Photo by Matt Stensland
John Gillette, a dancer with From the Top, formerly Motion Underground, pumps up a crowd of Steamboat Springs Middle School students during a dance demonstration and workshop Friday. Steamboat Dance Theatre sponsored the school outreach program as well as a free community workshop at noon at Bud Werner Memorial Library.
Friday, September 30, 2011
- Saturday, October 1, 2011, noon to 1 p.m.
- Bud Werner Memorial Library, 1289 Lincoln Ave., Steamboat Springs
Steamboat Springs There were more than 100 sixth-graders packed into the Steamboat Springs Middle School gymnasium Friday afternoon, but as they danced, the only thing they had in common were their smiles.
They each moved in their own way through the hip-hop dance they were learning, some flailing their arms and others standing confused by the fancy footwork.
By the end of the 45-minute workshop with Denver dance troupe From the Top, not everyone had mastered the combination, but that wasn’t really the point.
“Dancing is a like a fingerprint,” From the Top dancer John Gillette said. “Everyone has a fingerprint, but no two are the same.”
Along with his six fellow dancers, Gillette stood before the sixth-graders with his flat-brim hat cocked to the side and a microphone in his hands, energetically directing the crowd of giggling preteens along to the synth-pop sound of a Chris Brown song.
Gillette said he sometimes has a hard time watching the children dance for fear he’ll get emotional in front of them.
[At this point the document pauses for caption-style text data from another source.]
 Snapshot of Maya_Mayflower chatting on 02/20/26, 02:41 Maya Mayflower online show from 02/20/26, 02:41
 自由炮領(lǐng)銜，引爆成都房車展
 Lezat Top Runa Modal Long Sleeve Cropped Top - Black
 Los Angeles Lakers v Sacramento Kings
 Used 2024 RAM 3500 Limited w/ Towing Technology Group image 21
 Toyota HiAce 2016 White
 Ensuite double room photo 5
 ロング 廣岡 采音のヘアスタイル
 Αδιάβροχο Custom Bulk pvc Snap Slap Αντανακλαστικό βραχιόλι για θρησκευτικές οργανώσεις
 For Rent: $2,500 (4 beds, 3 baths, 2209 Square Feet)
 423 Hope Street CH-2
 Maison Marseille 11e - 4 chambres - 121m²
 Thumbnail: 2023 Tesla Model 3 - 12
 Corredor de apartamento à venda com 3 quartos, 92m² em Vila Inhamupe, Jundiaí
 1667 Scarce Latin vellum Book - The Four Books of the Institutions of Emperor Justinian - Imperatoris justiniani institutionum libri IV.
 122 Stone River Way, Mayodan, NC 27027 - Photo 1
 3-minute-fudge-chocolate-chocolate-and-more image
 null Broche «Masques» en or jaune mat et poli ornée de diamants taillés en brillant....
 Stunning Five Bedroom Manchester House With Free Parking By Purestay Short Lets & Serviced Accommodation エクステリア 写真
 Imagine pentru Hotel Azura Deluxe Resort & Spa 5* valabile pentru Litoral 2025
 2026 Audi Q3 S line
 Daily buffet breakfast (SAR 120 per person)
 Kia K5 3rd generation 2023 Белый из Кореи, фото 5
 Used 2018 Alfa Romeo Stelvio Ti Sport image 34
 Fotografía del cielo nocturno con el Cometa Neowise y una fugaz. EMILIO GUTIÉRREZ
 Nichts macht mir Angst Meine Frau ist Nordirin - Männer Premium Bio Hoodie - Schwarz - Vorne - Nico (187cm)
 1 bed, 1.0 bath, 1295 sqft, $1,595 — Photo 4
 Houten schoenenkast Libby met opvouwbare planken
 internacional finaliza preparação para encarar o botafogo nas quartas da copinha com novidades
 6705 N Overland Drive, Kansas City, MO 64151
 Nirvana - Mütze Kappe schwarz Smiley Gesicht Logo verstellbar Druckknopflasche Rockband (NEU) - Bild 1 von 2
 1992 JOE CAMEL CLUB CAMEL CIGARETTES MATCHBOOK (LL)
“They inspire us more than we inspire them,” he said about leading dance workshops for students.
“We love it. It’s absolutely so good for the soul.”
From the Top, formerly known as Motion Underground, traveled to Steamboat this weekend as part of a school and community outreach effort by local nonprofit Steamboat Dance Theatre.
Tiana Buschmann, Steamboat Dance Theatre’s vice-president and former Motion Underground dancer, said the recent Annual Concert performances have raised enough money to restart the School Outreach Program, which she said fell by the wayside about a decade ago.
On Friday, From the Top led programs with middle and high school students and will offer a free community workshop at noon Saturday at Library Hall at Bud Werner Memorial Library.
“It’s a positive experience for the youth to learn about dance, culture and music,” Buschmann said. “No matter what you do, you will always be exposed to dance — at weddings, bar mitzvahs and fitness classes. It’s just a part of our culture.”
Hip-hop gets a lot of attention in mainstream media, which portrays a glitzy and glamorous urban cultural movement. But the seven dancers of From the Top, in their T-shirts, jeans and sneakers, wanted to bring a more positive image of hip-hop to Steamboat students.
Dancer Asad Clinton said hip-hop brings a message of individuality and empowerment.
“You can always relate it back to yourself,” Clinton said.
Even after the workshop, the students each had their own take on what had just transpired, and every one of them was out of breath.
“I liked how they were like pros, and they taught it to us like it was easy,” student Amanda Walker said.
The hip-hop theme also provided a level of accessibility for many of the sixth-grade boys, who were putting their all into the dance right alongside the girls.
“Hip-hop is actually really nice,” student Tristen Opper said. “I loved the dance class. And I’m not really a dance type of guy.”
One of his classmates, Ashley Spiegel, has taken dance classes before but said she enjoyed being in the gym with all of her friends.
“It was really fun,” Ashley said, “because we all did it together.”